Activity – Look through the data below and extract, unchanged, the lines from the one that contains "NRG Aluminum Steering" to the one that contains "Krickblå tapet med", both included.

Dataset records –
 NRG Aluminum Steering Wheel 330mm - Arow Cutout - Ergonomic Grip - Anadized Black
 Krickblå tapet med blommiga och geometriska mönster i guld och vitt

==

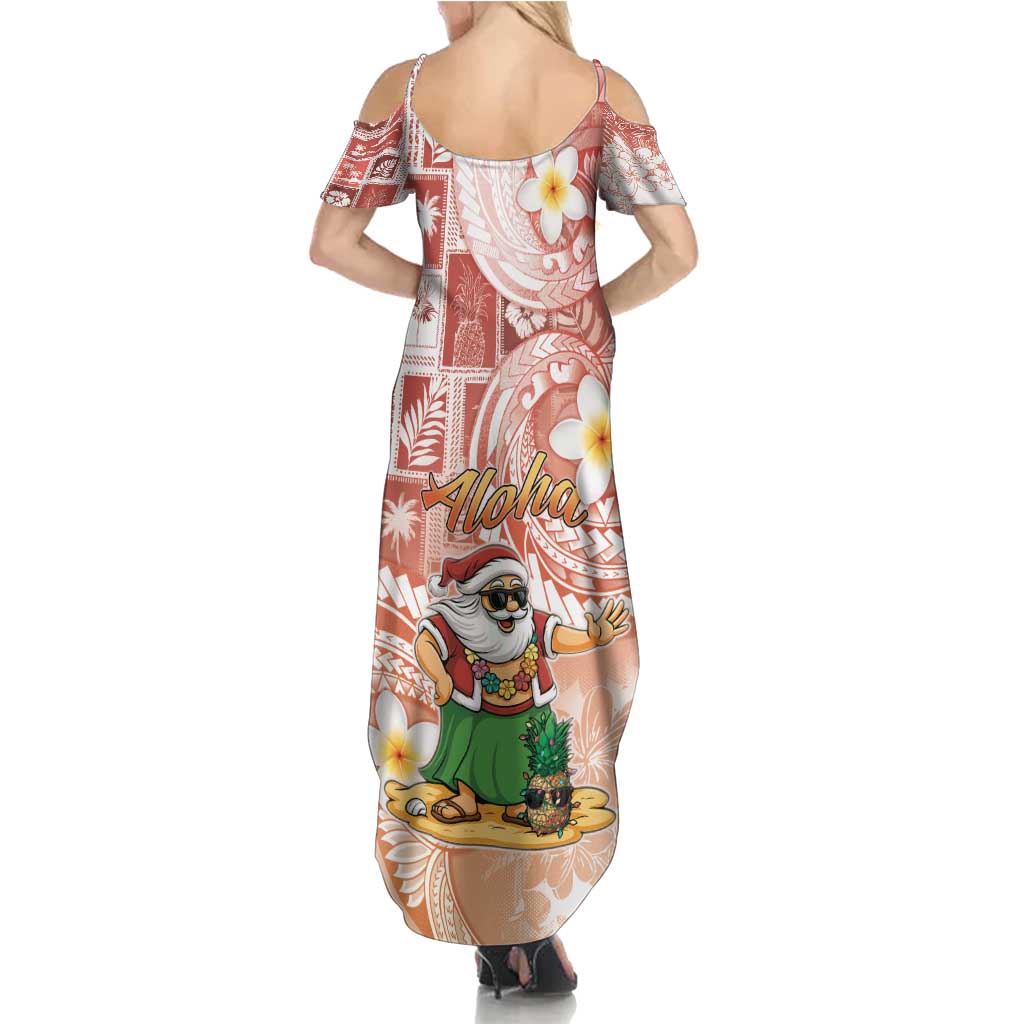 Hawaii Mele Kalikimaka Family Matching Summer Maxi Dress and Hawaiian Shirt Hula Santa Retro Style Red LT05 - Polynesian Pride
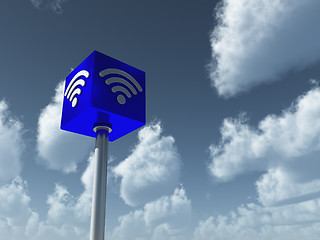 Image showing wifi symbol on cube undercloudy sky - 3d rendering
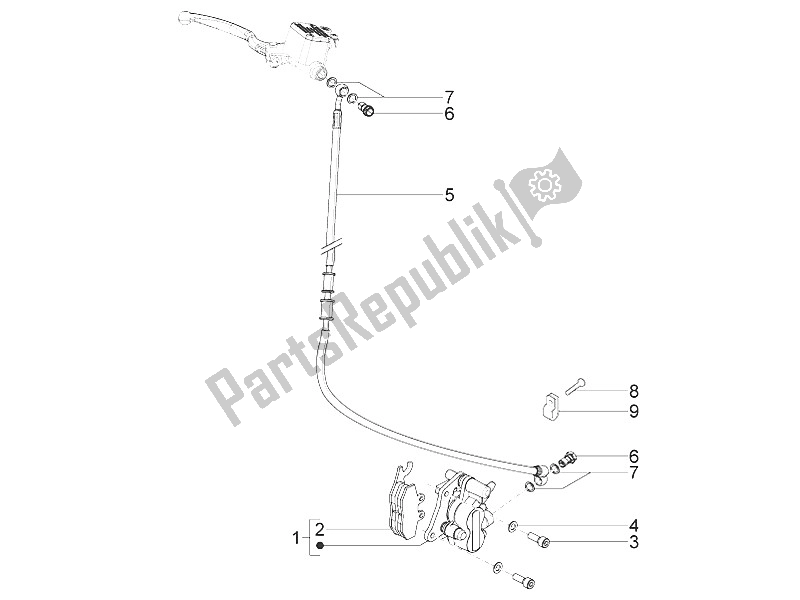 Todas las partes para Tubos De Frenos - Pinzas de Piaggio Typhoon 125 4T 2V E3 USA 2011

Worked solution –
 NRG Aluminum Steering Wheel 330mm - Arow Cutout - Ergonomic Grip - Anadized Black
 Krickblå tapet med blommiga och geometriska mönster i guld och vitt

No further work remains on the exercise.